The sale-leaseback incentive provides an alternative to a traditional arrangement whereby the DIA and its partners could pay for the development of a new build-to-suit facility or renovation of an existing building for a specific employer and charges a rental rate substantially below market rents. Under a sale-leaseback arrangement, the DIA would sell a build-to-suit facility to an investor-developer for an amount above construction cost. The DIA would receive a bonus cash payment from the investor who will own the building. In turn, the DIA would sign a long-term fixed lease (15-20 years) on the facility at a rate that would provide the investor-developer a market rate of return, which would then sub-lease to an employer for the same period at Downtown Jacksonville’s rental rate.

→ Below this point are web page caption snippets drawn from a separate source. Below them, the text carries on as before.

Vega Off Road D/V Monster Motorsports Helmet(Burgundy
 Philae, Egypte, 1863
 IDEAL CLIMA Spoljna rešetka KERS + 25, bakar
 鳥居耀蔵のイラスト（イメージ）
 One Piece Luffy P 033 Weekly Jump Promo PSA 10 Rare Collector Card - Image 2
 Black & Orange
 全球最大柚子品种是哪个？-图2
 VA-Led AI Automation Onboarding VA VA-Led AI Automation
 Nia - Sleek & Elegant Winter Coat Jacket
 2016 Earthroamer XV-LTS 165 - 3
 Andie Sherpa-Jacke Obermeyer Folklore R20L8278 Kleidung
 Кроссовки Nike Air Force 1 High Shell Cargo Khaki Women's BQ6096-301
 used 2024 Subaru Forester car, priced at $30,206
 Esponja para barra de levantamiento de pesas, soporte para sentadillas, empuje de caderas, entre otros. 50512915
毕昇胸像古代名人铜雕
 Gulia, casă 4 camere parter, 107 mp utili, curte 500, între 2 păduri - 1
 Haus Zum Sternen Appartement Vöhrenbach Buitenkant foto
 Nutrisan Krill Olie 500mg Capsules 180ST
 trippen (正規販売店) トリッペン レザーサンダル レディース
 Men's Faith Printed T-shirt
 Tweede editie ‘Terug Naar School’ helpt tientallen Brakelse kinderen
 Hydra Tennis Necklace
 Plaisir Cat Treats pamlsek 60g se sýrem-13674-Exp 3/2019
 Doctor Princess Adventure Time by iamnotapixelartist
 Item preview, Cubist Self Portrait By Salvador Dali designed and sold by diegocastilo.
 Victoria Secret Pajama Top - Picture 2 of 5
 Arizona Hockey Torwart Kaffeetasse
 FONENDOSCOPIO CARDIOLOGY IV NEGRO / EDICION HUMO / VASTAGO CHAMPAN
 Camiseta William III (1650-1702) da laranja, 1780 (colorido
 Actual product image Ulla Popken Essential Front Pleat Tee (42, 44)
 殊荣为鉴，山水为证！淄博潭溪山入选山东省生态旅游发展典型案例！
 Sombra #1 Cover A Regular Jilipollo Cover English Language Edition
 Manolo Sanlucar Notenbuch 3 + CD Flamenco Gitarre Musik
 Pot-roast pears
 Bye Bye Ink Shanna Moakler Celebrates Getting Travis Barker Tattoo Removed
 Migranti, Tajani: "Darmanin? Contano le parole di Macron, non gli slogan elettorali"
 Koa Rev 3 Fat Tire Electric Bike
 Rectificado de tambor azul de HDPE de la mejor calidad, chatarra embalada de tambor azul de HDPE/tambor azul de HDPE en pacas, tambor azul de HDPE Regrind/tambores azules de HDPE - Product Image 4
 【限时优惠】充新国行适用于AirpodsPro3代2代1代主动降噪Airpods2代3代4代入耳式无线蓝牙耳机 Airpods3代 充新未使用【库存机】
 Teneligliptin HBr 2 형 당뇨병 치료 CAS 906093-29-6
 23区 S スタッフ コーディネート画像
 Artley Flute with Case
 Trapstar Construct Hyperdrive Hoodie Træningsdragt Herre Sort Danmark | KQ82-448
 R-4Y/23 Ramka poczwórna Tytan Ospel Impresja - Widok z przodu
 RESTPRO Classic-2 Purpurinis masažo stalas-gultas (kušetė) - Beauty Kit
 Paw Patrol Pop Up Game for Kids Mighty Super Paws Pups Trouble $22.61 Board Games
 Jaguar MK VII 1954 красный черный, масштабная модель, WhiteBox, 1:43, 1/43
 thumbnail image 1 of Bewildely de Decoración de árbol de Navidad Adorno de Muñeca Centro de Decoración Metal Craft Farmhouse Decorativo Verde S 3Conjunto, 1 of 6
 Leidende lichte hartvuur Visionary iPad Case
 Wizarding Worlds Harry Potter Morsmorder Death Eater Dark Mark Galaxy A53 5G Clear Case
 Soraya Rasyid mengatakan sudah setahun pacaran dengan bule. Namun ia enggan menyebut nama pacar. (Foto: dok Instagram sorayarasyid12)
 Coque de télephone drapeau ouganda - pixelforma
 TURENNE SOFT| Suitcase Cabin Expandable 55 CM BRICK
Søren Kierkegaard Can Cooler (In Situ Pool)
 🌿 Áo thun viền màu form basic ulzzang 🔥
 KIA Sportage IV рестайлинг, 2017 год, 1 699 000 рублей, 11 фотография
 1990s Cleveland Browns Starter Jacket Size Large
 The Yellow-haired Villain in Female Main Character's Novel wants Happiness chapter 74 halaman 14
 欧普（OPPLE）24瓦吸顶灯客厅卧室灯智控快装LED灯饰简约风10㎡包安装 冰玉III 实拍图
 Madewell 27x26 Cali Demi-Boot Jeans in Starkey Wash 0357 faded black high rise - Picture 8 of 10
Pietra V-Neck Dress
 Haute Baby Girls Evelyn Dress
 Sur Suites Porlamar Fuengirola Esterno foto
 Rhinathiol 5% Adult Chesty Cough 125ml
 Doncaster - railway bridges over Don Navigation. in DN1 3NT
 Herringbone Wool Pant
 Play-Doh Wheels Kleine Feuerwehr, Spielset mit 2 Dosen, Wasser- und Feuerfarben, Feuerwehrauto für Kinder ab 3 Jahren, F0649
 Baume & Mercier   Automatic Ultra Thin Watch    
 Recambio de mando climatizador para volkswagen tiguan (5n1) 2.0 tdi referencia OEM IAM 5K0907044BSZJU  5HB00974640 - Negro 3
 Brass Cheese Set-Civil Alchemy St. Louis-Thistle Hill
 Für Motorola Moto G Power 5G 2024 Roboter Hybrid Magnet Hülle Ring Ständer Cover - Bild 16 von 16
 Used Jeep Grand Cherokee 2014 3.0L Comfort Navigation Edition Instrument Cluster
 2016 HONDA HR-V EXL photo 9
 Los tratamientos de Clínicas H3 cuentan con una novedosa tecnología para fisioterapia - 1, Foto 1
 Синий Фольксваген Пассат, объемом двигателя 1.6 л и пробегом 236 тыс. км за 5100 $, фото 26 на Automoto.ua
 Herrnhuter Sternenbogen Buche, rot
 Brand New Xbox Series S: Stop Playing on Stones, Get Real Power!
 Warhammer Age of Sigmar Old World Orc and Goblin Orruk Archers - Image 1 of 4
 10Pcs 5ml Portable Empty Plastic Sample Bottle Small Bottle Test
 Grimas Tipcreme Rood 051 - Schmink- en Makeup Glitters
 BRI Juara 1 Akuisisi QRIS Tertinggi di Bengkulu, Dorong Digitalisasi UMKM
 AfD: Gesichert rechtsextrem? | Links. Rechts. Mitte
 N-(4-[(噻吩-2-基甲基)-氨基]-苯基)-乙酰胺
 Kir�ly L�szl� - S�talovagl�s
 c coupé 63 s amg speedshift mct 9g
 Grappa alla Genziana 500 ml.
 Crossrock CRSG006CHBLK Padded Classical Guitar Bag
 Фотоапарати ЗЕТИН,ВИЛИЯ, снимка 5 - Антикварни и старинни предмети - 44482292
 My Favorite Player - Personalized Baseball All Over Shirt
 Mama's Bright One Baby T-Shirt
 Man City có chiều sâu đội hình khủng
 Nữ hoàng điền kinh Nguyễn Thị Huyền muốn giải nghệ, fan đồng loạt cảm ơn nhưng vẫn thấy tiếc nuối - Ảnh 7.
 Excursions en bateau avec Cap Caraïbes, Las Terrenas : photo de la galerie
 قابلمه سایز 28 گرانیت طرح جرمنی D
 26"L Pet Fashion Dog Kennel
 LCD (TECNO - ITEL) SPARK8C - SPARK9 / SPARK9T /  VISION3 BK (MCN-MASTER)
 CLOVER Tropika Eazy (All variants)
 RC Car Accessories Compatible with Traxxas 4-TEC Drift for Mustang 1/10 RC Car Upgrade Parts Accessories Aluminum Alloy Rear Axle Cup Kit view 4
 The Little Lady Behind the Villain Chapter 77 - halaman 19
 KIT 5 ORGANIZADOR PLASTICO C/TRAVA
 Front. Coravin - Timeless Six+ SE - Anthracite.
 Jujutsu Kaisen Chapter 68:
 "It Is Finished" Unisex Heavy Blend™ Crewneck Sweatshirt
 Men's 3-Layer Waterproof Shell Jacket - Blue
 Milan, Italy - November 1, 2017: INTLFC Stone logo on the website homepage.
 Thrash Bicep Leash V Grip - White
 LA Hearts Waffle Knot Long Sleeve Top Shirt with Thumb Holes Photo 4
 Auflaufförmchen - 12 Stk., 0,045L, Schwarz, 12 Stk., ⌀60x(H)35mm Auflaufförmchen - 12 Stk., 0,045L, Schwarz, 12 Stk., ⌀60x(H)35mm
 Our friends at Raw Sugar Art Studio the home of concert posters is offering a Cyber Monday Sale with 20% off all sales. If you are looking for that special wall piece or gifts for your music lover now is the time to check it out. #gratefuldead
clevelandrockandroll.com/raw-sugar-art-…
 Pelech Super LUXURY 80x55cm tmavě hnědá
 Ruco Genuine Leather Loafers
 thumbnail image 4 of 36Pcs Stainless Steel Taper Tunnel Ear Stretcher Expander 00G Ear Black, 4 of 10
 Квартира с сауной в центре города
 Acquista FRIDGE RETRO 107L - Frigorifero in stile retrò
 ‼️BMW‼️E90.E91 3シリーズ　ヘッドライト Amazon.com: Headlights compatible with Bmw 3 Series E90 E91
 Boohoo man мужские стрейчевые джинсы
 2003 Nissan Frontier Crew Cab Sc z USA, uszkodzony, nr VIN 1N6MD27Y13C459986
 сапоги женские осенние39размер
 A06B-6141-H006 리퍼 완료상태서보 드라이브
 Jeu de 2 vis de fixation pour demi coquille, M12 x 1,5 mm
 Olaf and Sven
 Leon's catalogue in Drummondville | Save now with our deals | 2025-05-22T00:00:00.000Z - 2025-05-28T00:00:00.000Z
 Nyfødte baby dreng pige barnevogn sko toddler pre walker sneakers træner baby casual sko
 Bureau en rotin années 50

The sale-leaseback investor will pay the community more than the brick and mortar cost of the building as the investor is paying for the building on the basis of the long-term lease commitment of the DIA. The DIA then has one of three options:

  1. It takes the cash bonus from the investor-developer for itself;
  2. It passes the bonus on to the company as a cash grant or forgivable loan; or
  3. It reduces the rent to the company by the amount of the cash bonus.

By investing the cash bonus into an interest-bearing account, the DIA may further reduce rents by the amount of the interest generated. Because the DIA has master-leased the entire building, it may not be obligated to pay real estate taxes. This benefit can be passed on to the DIA’s tenant as an additional inventive.